• [DIRECTIONS]: Look through the material below and copy exactly the lines from the line with "ARIN — American" to the line with "Dear viewers, I", those two lines included.

• [MATERIAL FOR THIS EXERCISE]:

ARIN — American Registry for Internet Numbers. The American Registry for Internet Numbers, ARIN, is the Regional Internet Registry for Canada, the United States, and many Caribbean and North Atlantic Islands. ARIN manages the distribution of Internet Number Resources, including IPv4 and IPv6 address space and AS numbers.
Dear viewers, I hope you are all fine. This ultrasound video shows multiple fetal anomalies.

* * *

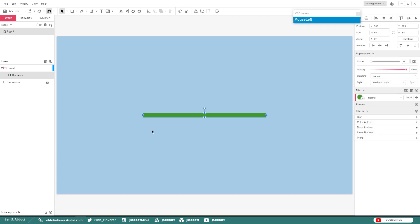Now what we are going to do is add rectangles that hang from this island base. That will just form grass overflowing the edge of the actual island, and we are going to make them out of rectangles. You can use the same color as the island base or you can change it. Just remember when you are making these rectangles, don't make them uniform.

• [COMPLETED TASK]:
ARIN — American Registry for Internet Numbers. The American Registry for Internet Numbers, ARIN, is the Regional Internet Registry for Canada, the United States, and many Caribbean and North Atlantic Islands. ARIN manages the distribution of Internet Number Resources, including IPv4 and IPv6 address space and AS numbers.
Dear viewers, I hope you are all fine. This ultrasound video shows multiple fetal anomalies.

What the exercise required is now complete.